Siamo ritornati indietro di 15 giorni a quell’1 ottobre, quando l’Iran lanciò missili su Israele. In quel tardo pomeriggio il prezzo del petrolio iniziò a galoppare rivedendo nei giorni successivi i massimi da 6 settimane. Il timore era di un vendetta israeliana sull’ex Persia, che a sua volta si sarebbe potuta rifare tentando di bloccare lo stretto di Hormuz, cioè la porta verso il mondo del greggio del Golfo Persico.

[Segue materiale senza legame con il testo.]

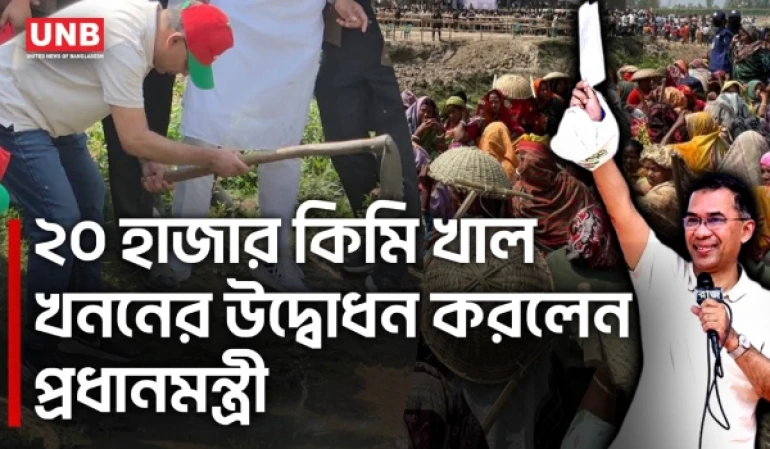 দিনাজপুর থেকে শুরু ২০ হাজার কিমি খাল খনন কর্মসূচি: উদ্বোধন করলেন প্রধানমন্ত্রী তারেক রহমান | UNB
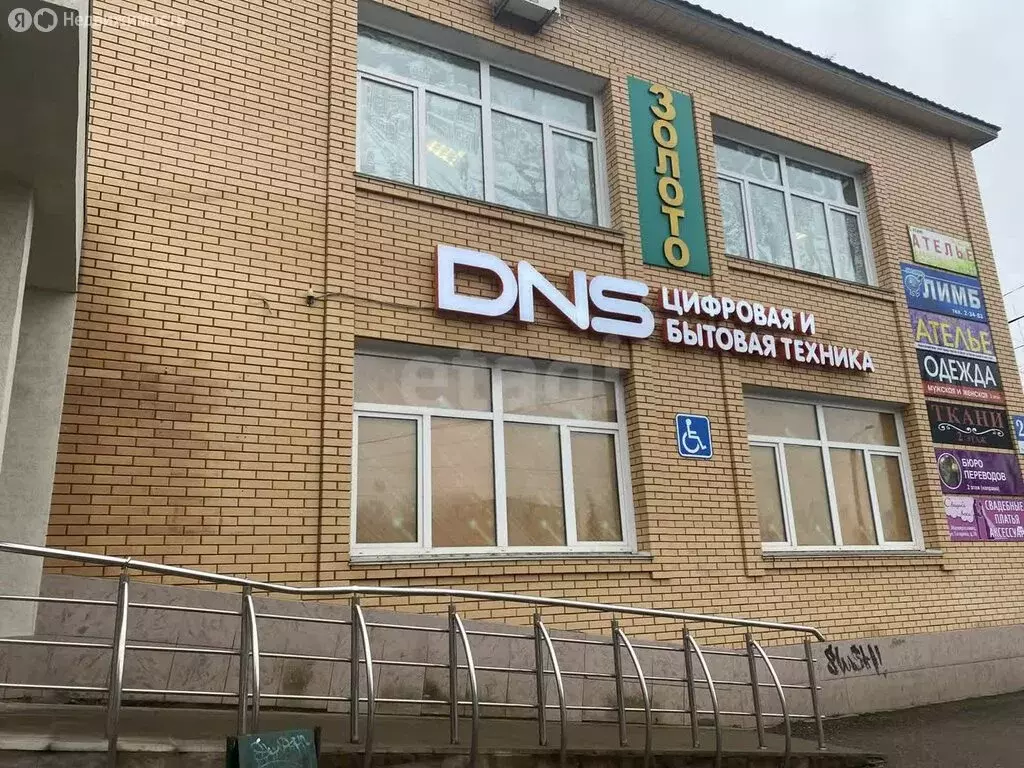 Помещение свободного назначения (77.2 м) - Фото 2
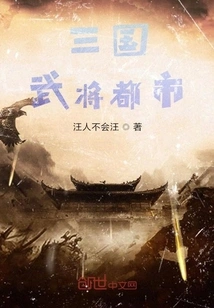 Three Kingdoms, the City of Military Commanders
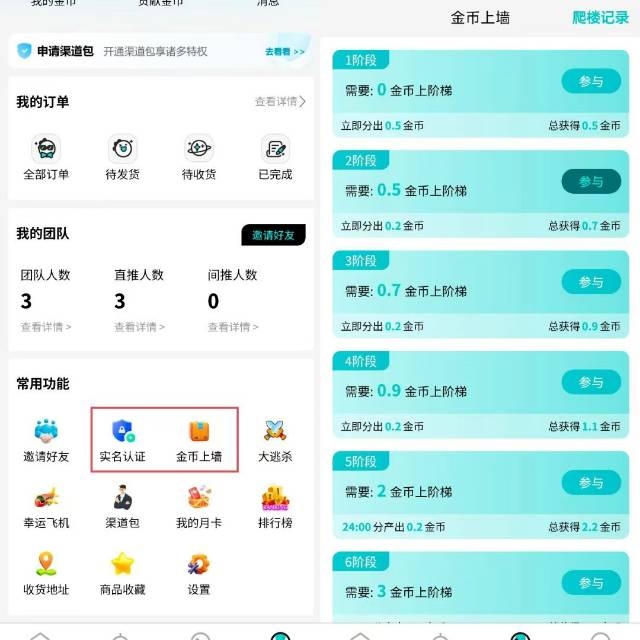 新出源龙时代爬墙的，牛逼的很，活两年没问题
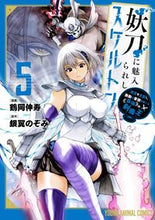画像をギャラリービューアに読み込む, #銀翼のぞみ #妖刀に魅入られしスケルトン～迷宮を支５
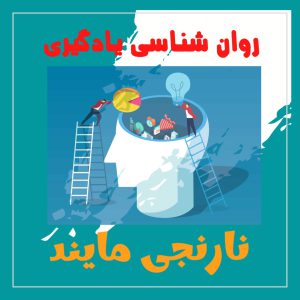 روان شناسی یادگیری | 48 اسلاید فایل پاورپوینت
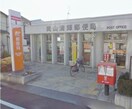 岡山清輝郵便局(郵便局)まで432m リュミエール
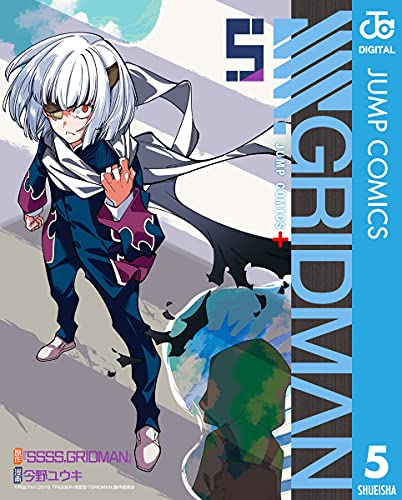 グリッドマン5巻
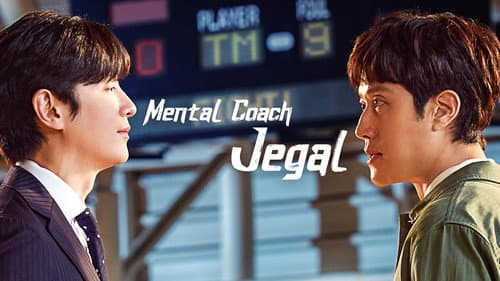 Mental Coach Jegal still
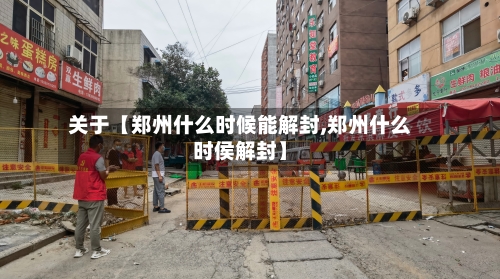 关于【郑州什么时候能解封,郑州什么时侯解封】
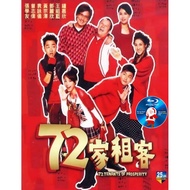HK-BLURAY 72 Home Rents (2010) Jacky Cheung Zhong Zhiwei Yuan Yongyi Huang Zongze Teresa Teng Lixin 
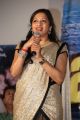 Anitha Chowdhary @ Beeruva Movie Press Meet Stills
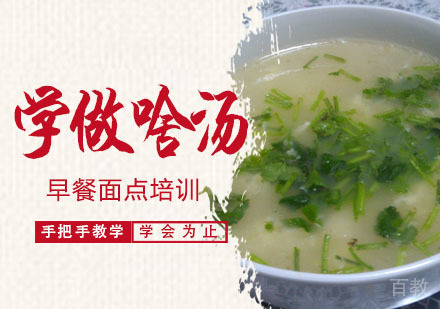学做啥汤培训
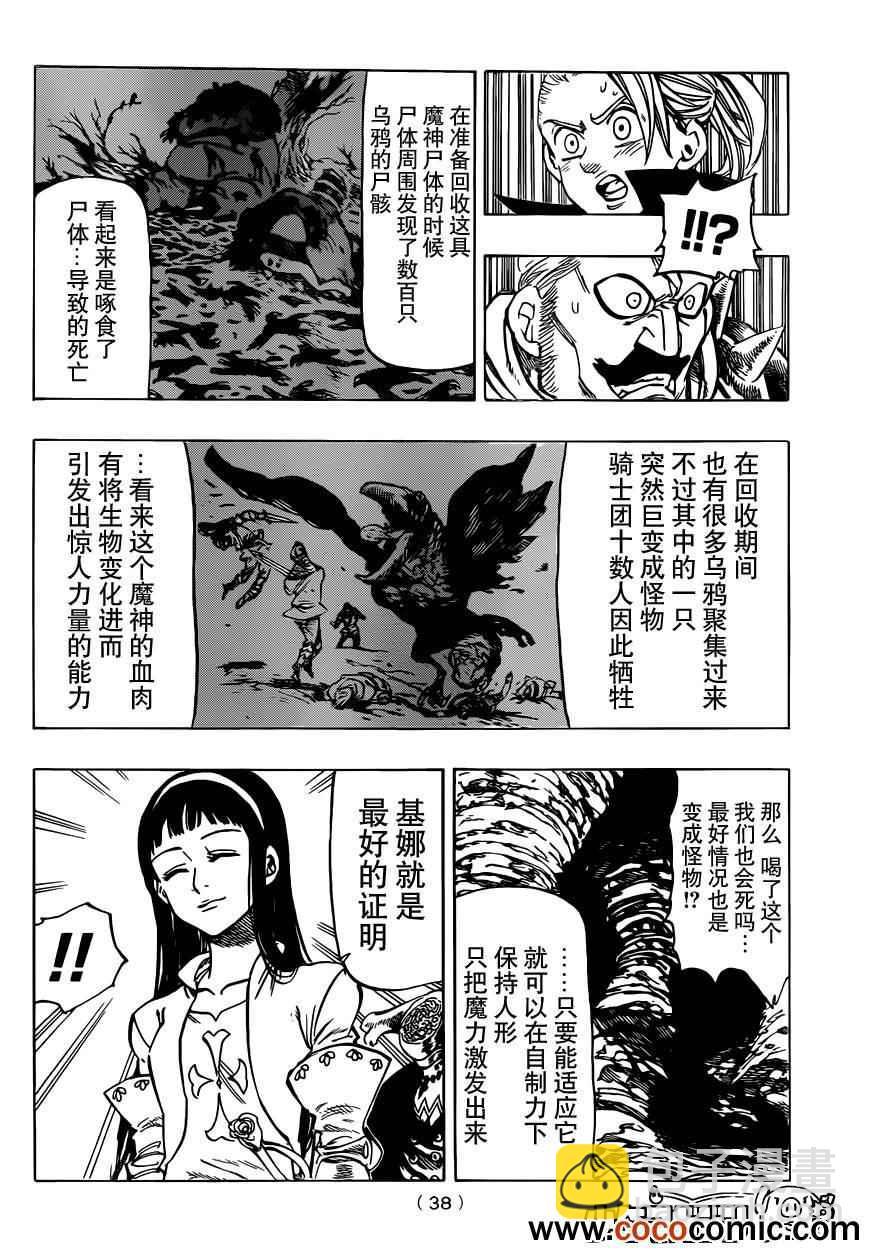 第30话4
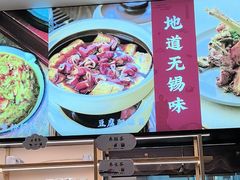 -蜜桃餐厅·伴山(绿宝广场店)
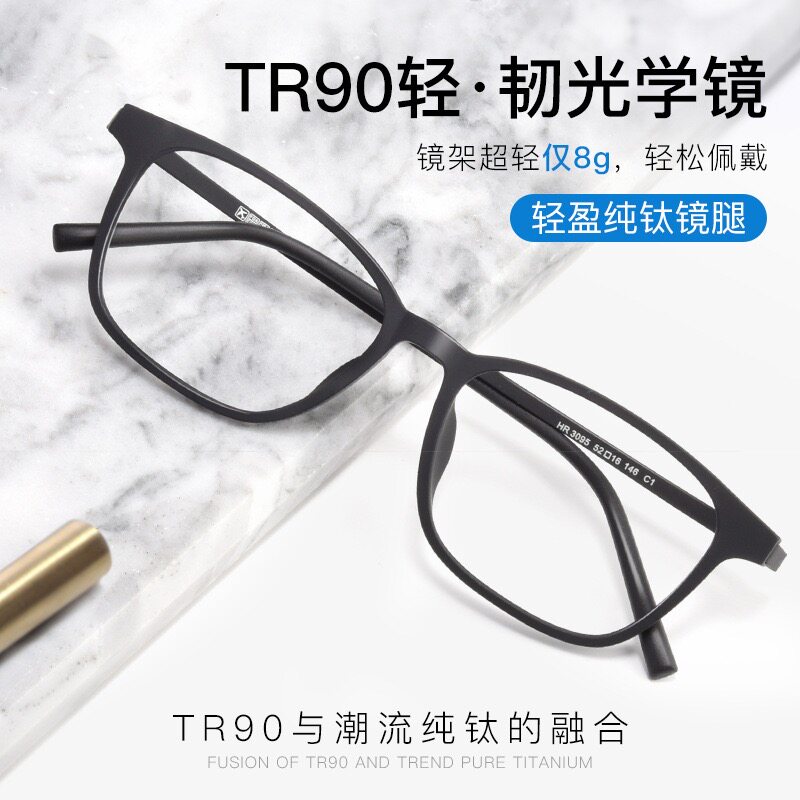 超轻TR90黑框变色近视眼镜架
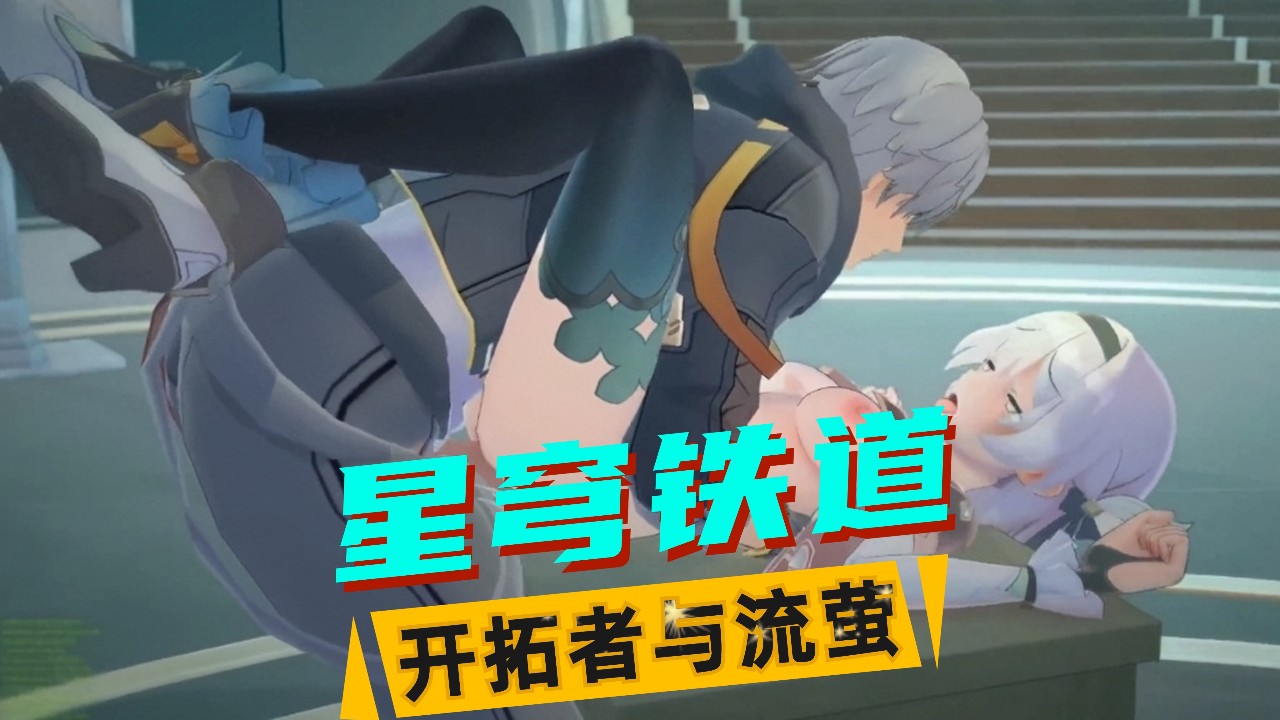 【星穹铁道】开拓者与流萤的表演 的封面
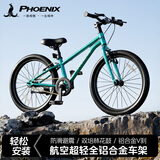 凤凰（Phoenix）儿童自行车山地车铝合金3至6-8-12-15-16岁学生青少年户外单车 【超轻铝合金车架】绿色丨单速 20寸【身高115-125cm建议选择】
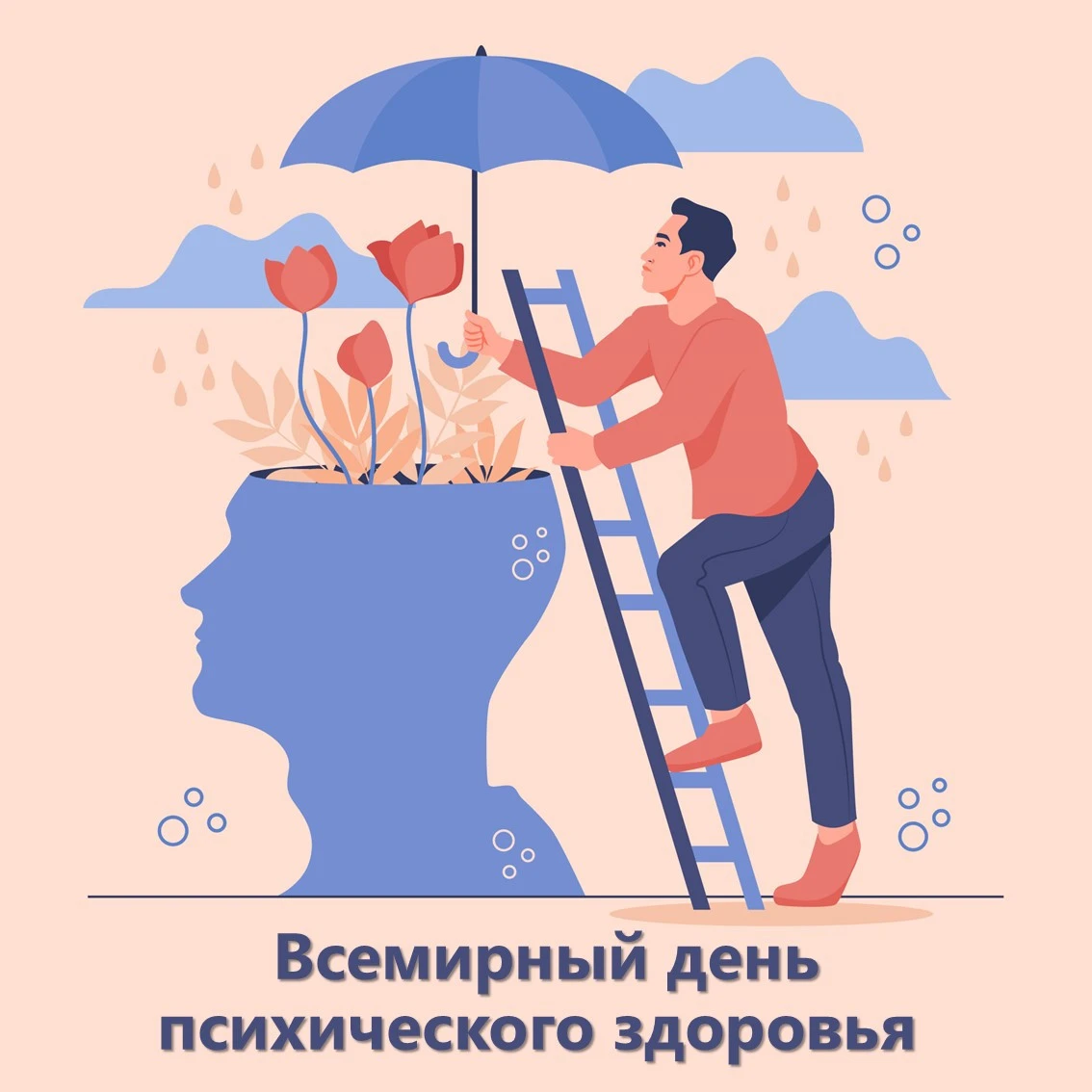 Берегите себя!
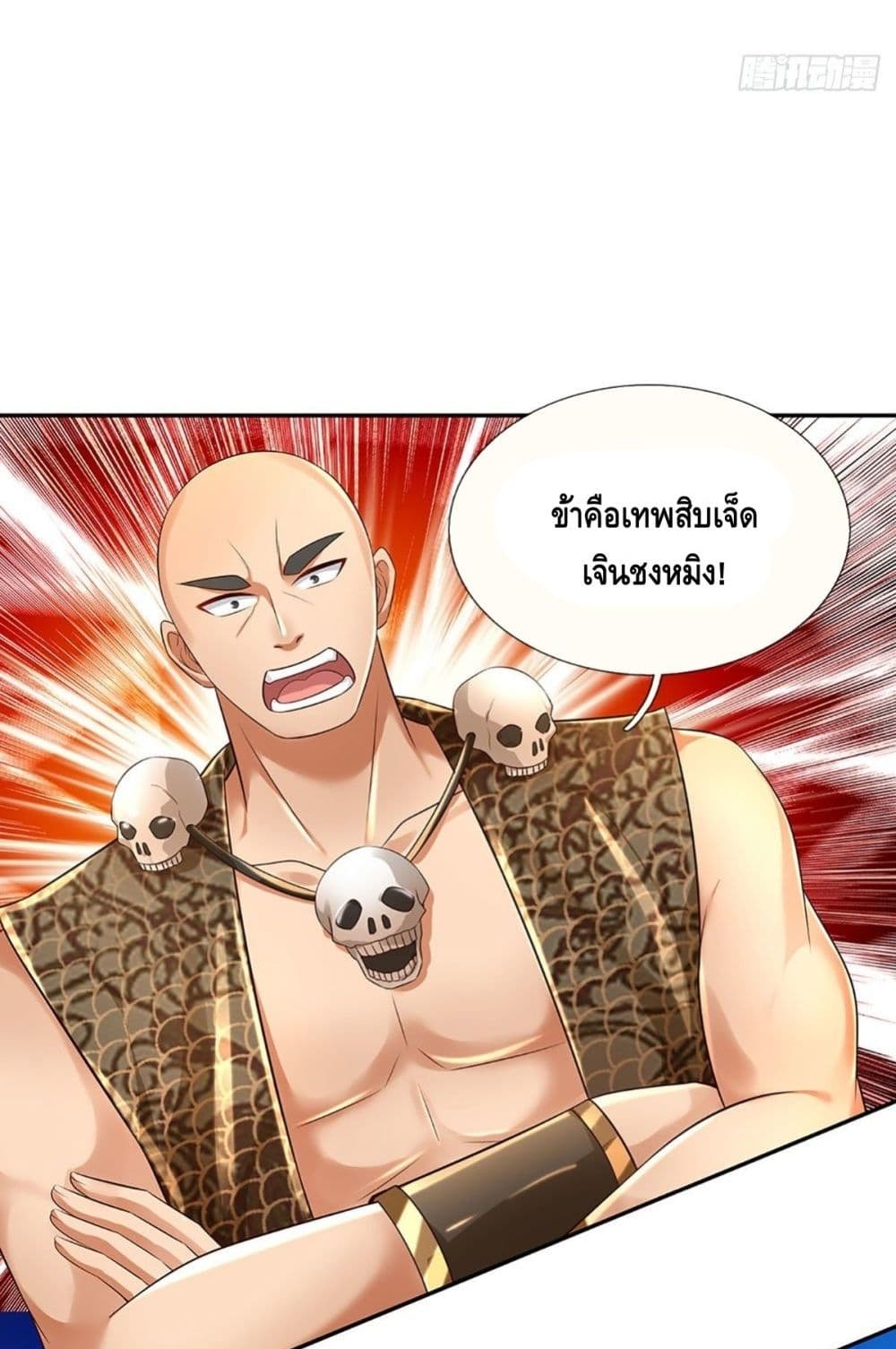 อ่านการ์ตูน Opening to Supreme Dantian 128 ภาพที่ 11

Però prima la delusione degli investitori sugli stimoli promessi dalla Cina per rilanciare l’economia, poi le stime dell’Opec negative sulla domanda per il terzo mese consecutivo hanno iniziato a spingere al ribasso le quotazioni di Wti texano e Brent europeo. E oggi altri due colpi, uno di mercato e uno geopolitico, hanno fatto scappare ulteriormente gli acquirenti dell’oro nero.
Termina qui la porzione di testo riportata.